Nella giornata di mobilitazione nazionale, in molte città spagnole la gente si è riversata per le strade e nelle piazze per manifestare il proprio dissenso. A Madrid marcia lungo la Gran Via e grande raduno, ancora una volta, a Puerta del Sol, dove quasi un anno fa partì il movimento degli indignados. Secondo i dati del quotidiano El País, nella capitale la mobilitazione avrebbe portato in piazza 170 mila persone, 275 mila a Barcellona, 250mila a Valencia. Per il Governo i manifestanti in tutto il Paese sarebbero stati 800 mila, secondo i sindacati 900 mila soltanto a Madrid e 800 mila nella capitale della Catalogna, con il consueto conflitto di cifre che segue sempre gli scioperi e le grandi manifestazioni popolari. A Barcellona la mobilitazione ha avuto dei risvolti violenti, con scontri tra i manifestanti e la polizia, feriti e arresti.

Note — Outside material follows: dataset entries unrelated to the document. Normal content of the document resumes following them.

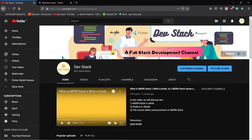Hey all, welcome to DevStack. This is a new series called Flutter Basic, for those who are very beginners — who are just starting Flutter app development.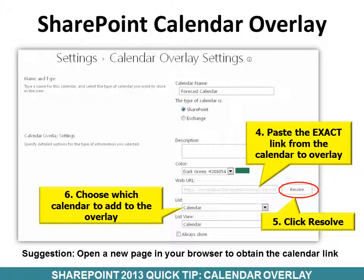Then paste the exact link from the calendar to overlay. I would suggest that you open a new page in your browser to obtain the calendar link. Then click the Resolve button.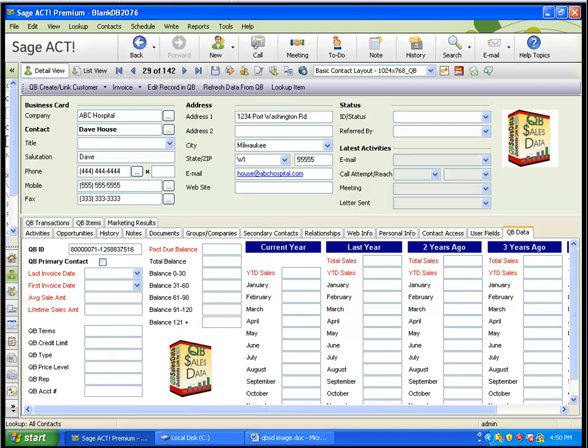Welcome to the QBee Sales Data Video Library. This video will show you how to use the Contact Data Sync feature within QBee Sales Data. Contact Data Sync is used to push address changes between ACT and QuickBooks or QuickBooks and ACT.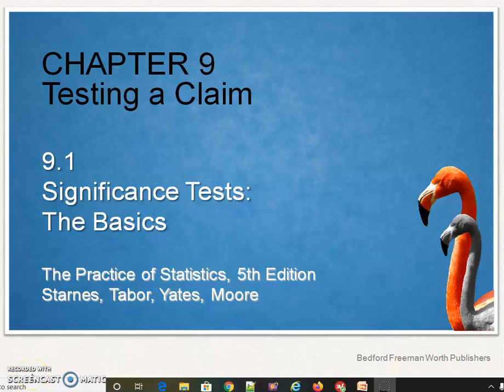Probability and Statistics, Chapter 9, Section 1: Testing a Claim. This is the beginning — significance tests and the basic ideas behind all these.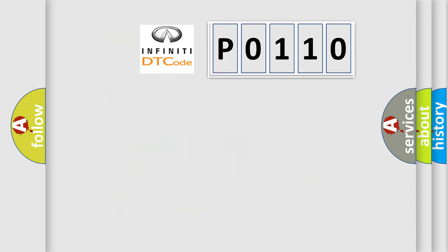So, what does the diagnostic trouble code P0110 interpret specifically? Infiniti car manufacturers.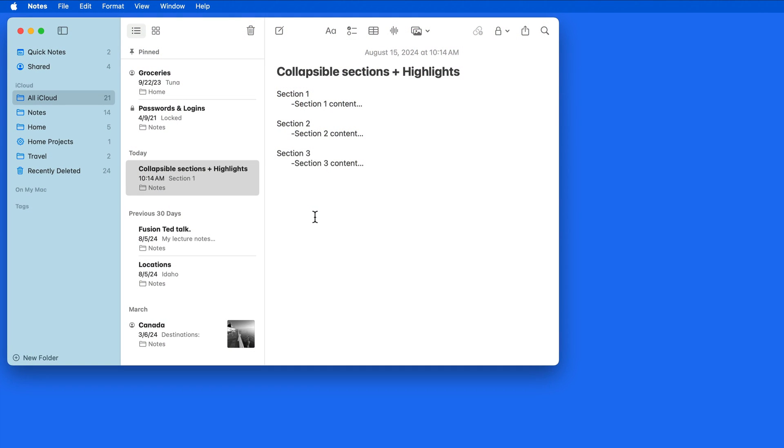The Notes app has two new features related to text formatting. Let's start with collapsible sections. This will allow for a section of text to be hidden with a click on a turndown arrow.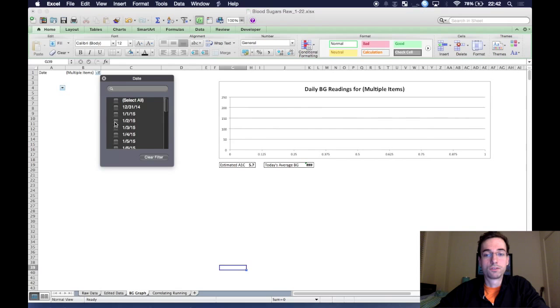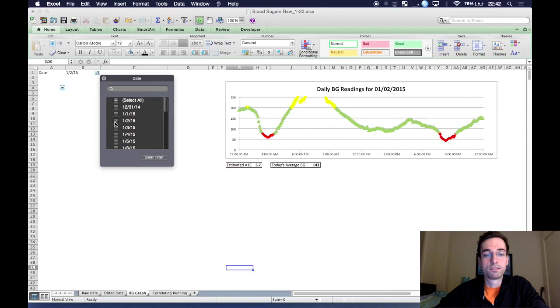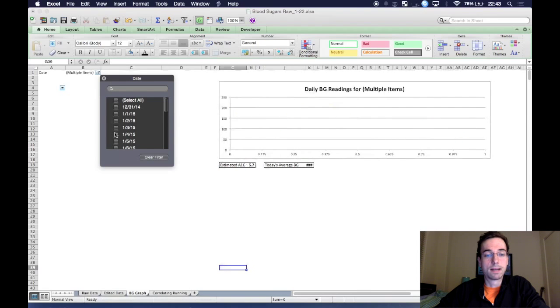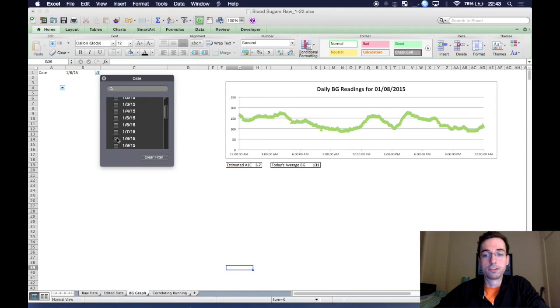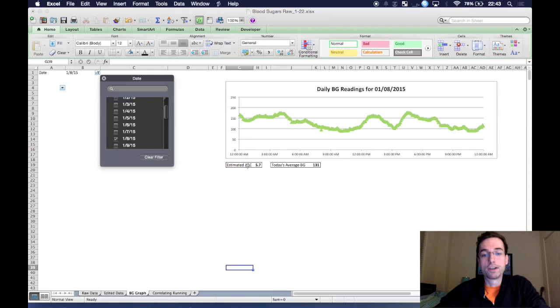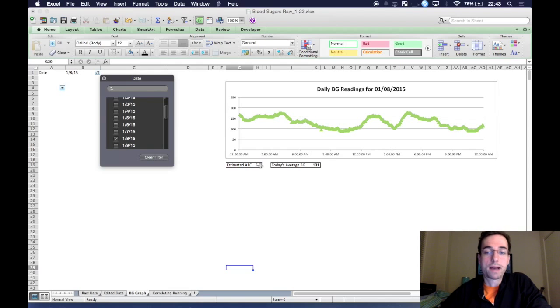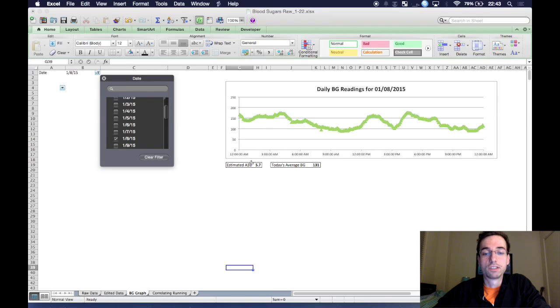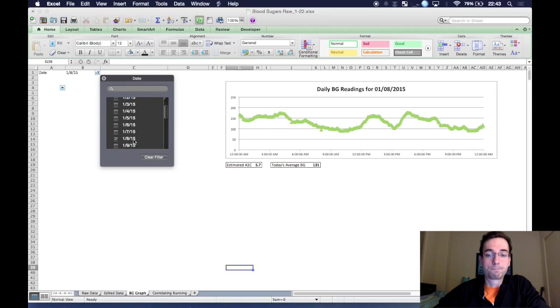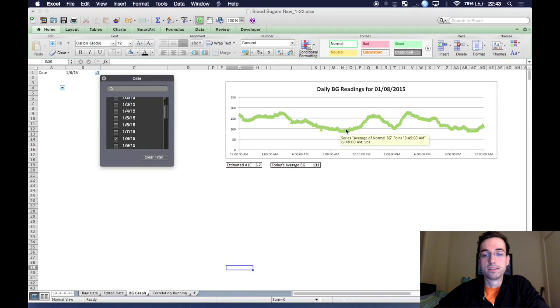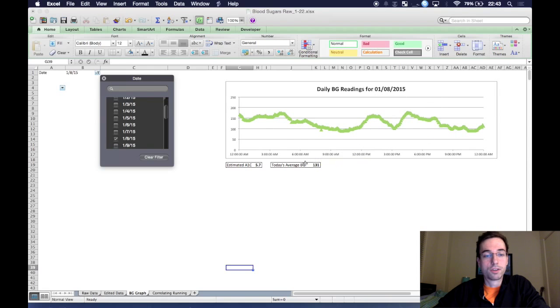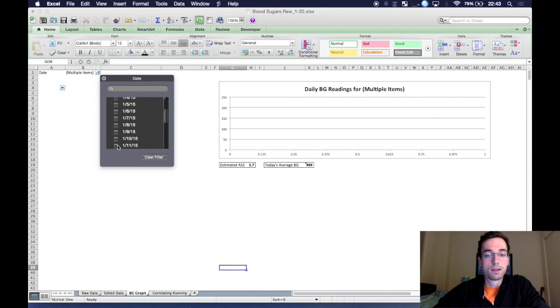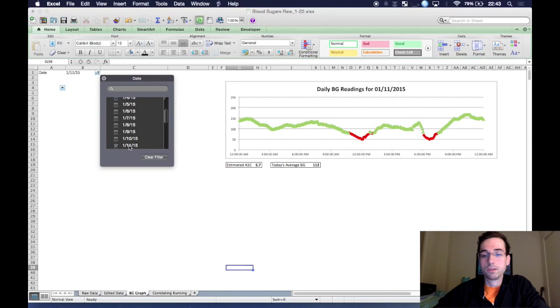And you can see, you can just sort of check off the different days and it'll show you your blood sugar. And in addition, I added a little couple boxes here for your estimated A1C over the past 90 days of readings, if you want. For me, I don't have 90 days of readings, so this is just over the past three weeks or four weeks, as well as an average blood sugar of this day. So you can see on January 8th, it was 131. And then if I go to, let's say, January 11th, it was 112.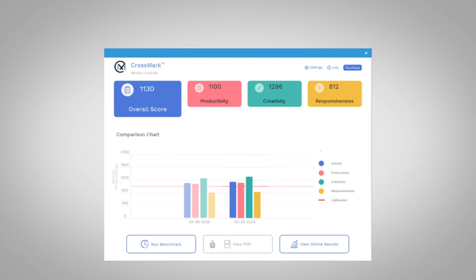CrossMark is a free, easy-to-use, and reliable benchmark to compare any systems you need data for. A paid pro version is also available via an in-app purchase and gives more flexibility and options.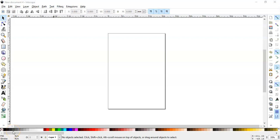Hello, in this tutorial I will show you how to create a mockup for a t-shirt in Inkscape.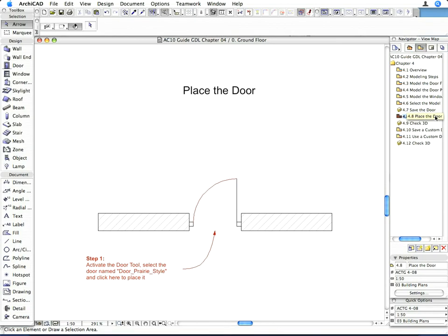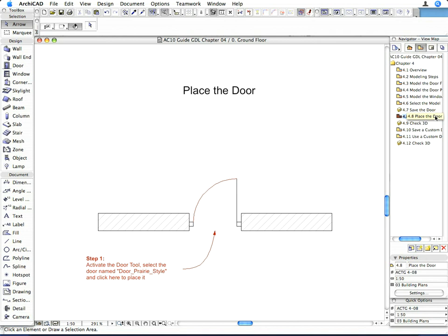Our custom door is now complete, although its capabilities are limited compared to the standard door objects of the ArchiCAD library. Let's just list a few of these missing features. The size and material of door components are not parametric. No optional door accessories are available. The floor plan symbol is not scale sensitive. The door leaf can't be opened with editable hotspots in 2D and 3D views.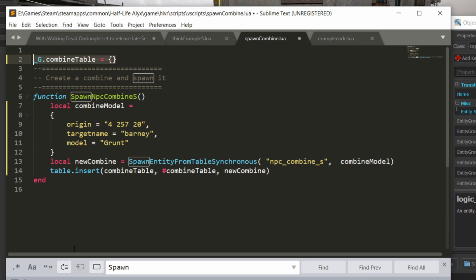First, I'm setting a global variable to point to a table that will store all the combine entities I spawn with this button. This is in case you want the script to manipulate them later, like for example deleting old ones if you have too many in the scene.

In un Paese con 5,2 milioni di disoccupati, dove quasi un giovane su due sotto i 25 anni non trova lavoro, la riforma del lavoro punta all'obiettivo ambizioso di far scendere il rapporto deficit/Pil al 5,3 per cento per il 2012 (nel 2011 era l'8,5 per cento) con un piano di austerità fiscale e pesanti tagli di spesa (si prevede, fra le altre cose, un ulteriore taglio alle spese dei ministeri, dopo quello del 15 per cento già attuato nel 2011). Ma queste misure potrebbero non bastare a far riemergere la Spagna dal baratro e abbattere il tasso di disoccupazione, arrivato al 23 per cento. Oggi il Consiglio dei ministri approva una manovra finanziaria considerata di portata storica per la Spagna. Ma i sindacati hanno lanciato un chiaro avvertimento al premier Mariano Rajoy: se entro il primo maggio il Governo non accetta di rivedere il piano di riforme l'inasprimento del conflitto sociale sarà inevitabile.